Di Maria Teresa Santaguida per Affaritaliani.it Milano

Un patronato privato, l’Epas, che - unico tra i “numerosi enti omologhi” - aveva  postazioni privilegiate all’interno degli uffici di collocamento pubblici di Afol, l’agenzia per il lavoro della città metropolitana di Milano; e che beneficiava “di fatto di un trattamento esclusivo” rispetto ad altri “di cui non è possibile comprendere la giustificazione”. Le parole sono della gip di Milano, Raffaella Mascarino, che ha così respinto la richiesta di revoca della misura cautelare a carico dell’ormai ex dg di Afol, Giuseppe Zingale, dopo l’arresto di metà novembre.

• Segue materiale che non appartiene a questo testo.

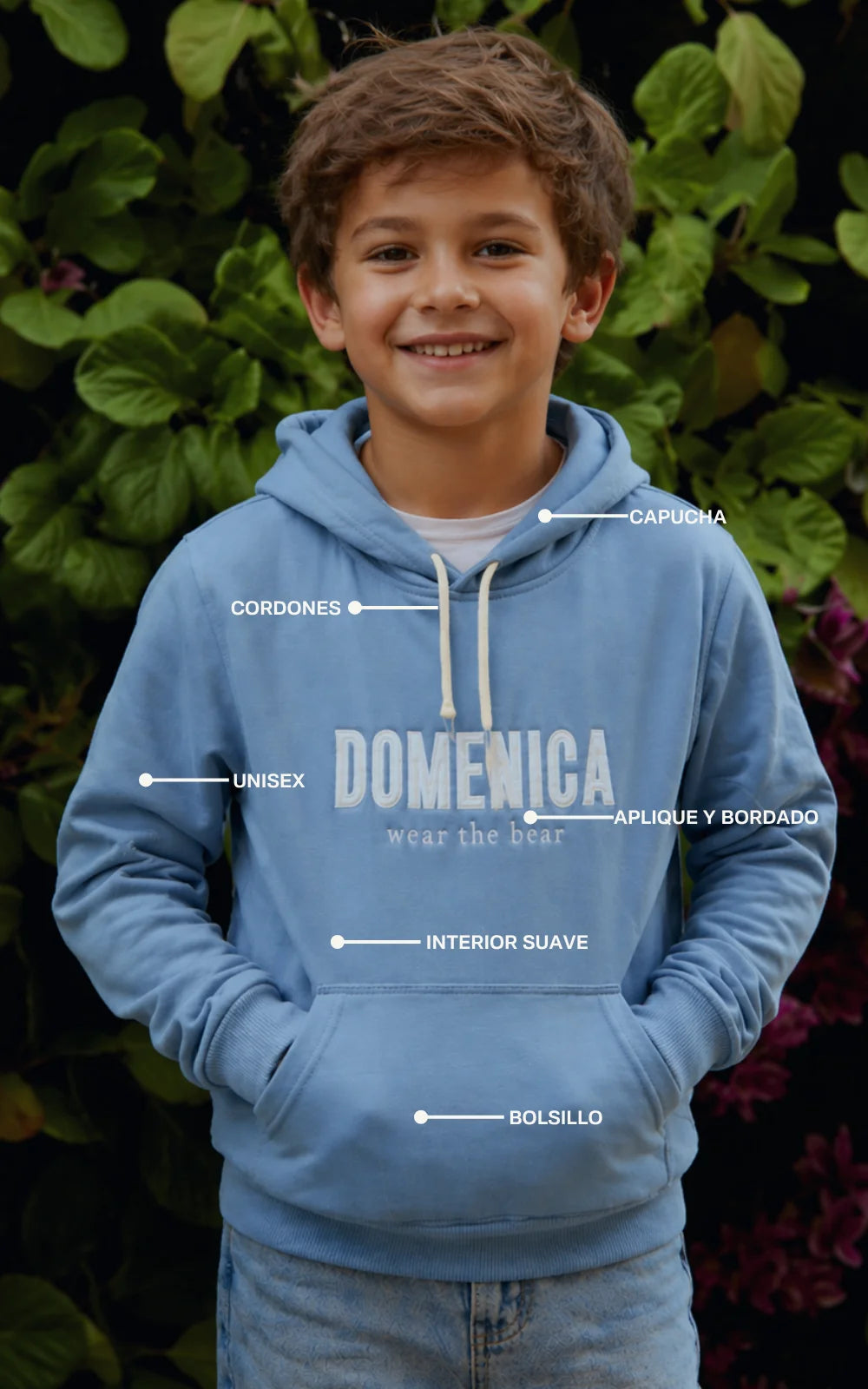 HOODIE DOMENICA AZUL CIELO - NIÑOS-4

La giudice definisce inoltre “inquietante” la gestione personalistica dell’agenzia da parte dell’indagato e motivando il suo rifiuto evidenzia anche lo strano rapporto tra lui e il patron di Epas, Peppino Falvo .Ed è proprio su questo punto che potrebbe partire da questo un nuovo filone dell’indagine ribattezzata ‘Mensa dei poveri’, che ha portato, da maggio, a decine di arresti e a scoprire il sistema di tangenti che coinvolgeva molti esponenti politici lombardi. Al centro dell’inchiesta originaria il ras dei voti di Forza Italia a Varese, Gioacchino Caianiello, e intorno alla sua figura quelle, fra gli altri, della ex eurodeputata azzurra Lara Comi, ancora ai domiciliari, dell’ex consigliere comunale e candidato alle Europee, Pietro Tatarella, e del consigliere regionale Fabio Altitonante.

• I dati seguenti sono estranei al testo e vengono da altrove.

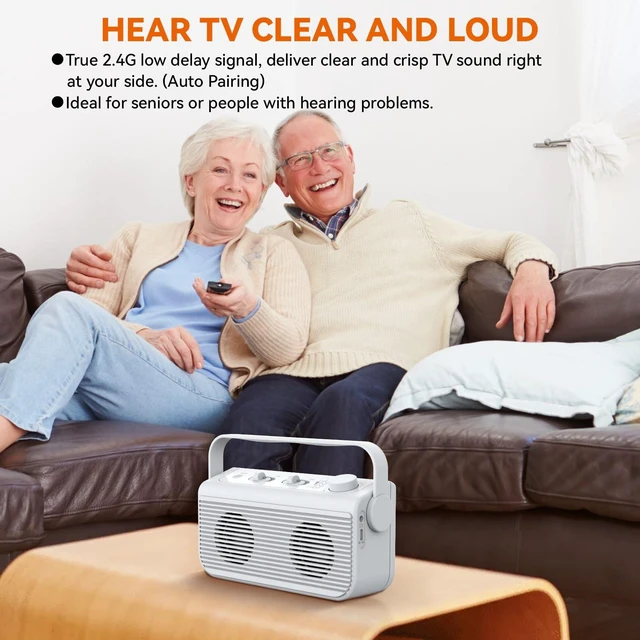Alt view image 2 of 7 - Wireless Speakers for TV, 2.4G Wireless TV Speaker with SOS Switch, Clarifying Dialog Potable TV Speakers for Hard of Hearing and Elderly, Compatible with Optical RCA AUX TVs, 100FT Range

Il rapporto tra Zingale e Falvo è però la novità in questa fase dell’indagine, che potrebbe aprire nuovi scorci in un’inchiesta nata per tangenti, e che potrebbe virare verso il voto di scambio. Ad insospettire è proprio la caratura del personaggio, in questione, Peppino Falvo. Titolare del centro di assistenza fiscale Epas, all’inizio 2017 Falvo chiese e ottenne di aprire un suo spazio nel centro per l’impiego di Melzo: un banchetto dove proporre i servizi del suo patronato. Presenza anomala della quale si erano accorti anche gli utenti e gli impiegati, che più volte si erano chiesti e avevano chiesto conto del perché di quella eccezione.

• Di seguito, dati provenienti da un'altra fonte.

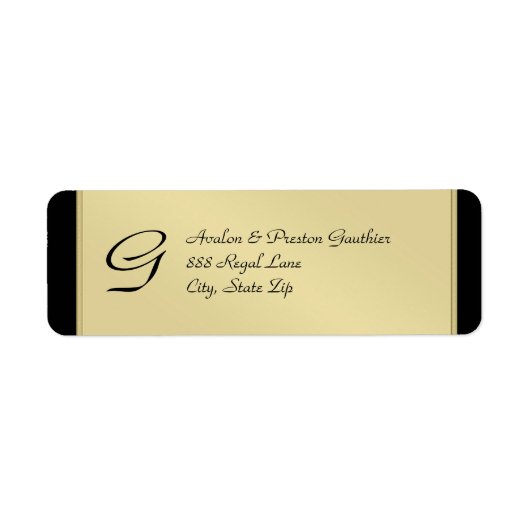 Monogram Gold Metal Black Wedding Address Label (Vorne)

Non ultima la volta in cui, a marzo, i responsabili del centro per l’impiego, pressati dalle sue richieste, lo avevano convocato per spigare la mancanza di spazi: per tutta risposta Falvo aveva usato “il tono deciso di chi ha un rapporto privilegiato con il direttore generale e può quindi pretendere non solo attenzione ma risultati concreti”, scrive ancora la gip nell’atto che Affaritaliani.it Milano ha potuto visionare.Un tono deciso tipico di chi, peraltro, ha a che fare con personaggi di ben altro calibro: Peppino Falvo era infatti l’ex coordinatore lombardo dei Cristiano-popolari, ed era stato già coinvolto nell’operazione Krimisa dei carabinieri e della Dda di Milano che lo scorso luglio ha portato all’arresto di 34 persone per voto di scambio.

Un personaggio che gli stessi pm antimafia avevano definito ’intermediario della locale di ‘ndrangheta di Lonate Pozzolo e Legnano per la politica locale’. Secondo chi indagava infatti era lui a gestire il voto di scambio nell’area tra Milano e Varese e ad avere rapporti diretti con la famiglia De Novara, originaria di Cirò Marina e a capo della locale del Varesotto. L’inchiesta aveva portato alla luce le mani della ‘ndrangheta, in particolare del clan Farao-Marincola, non solo sui parcheggi intorno all’aeroporto di Malpensa, ma anche all’interno dei comuni lombardi: l’allora sindaco di Lonate Pozzolo, Danilo Rivolta in un’intercettazione aveva ammesso candidamente di aver ricevuto un pacchetto di 300 voti dai clan.La sua presenza nei Cpi lombardi in vitrù del rapporto con Zingale, dunque, non depone affatto a favore della figura dell’ex dg di Afol, almeno secondo quanto scrivono i magistrati.

Tanto più che, quando un ispettore, insospettito dall’atteggiamento prevaricatore di Falvo, aveva chiesto conto al dg e aveva formalmente fatto una richiesta di accesso agli atti, la risposta di Zingale - da quanto emerge nelle carte - era stato il “diniego” di fornire documenti che dessero una spiegazione ragionevole del perché il patronato Epas avesse quelle posizioni privilegiate all’interno degli uffici gestiti da Afol.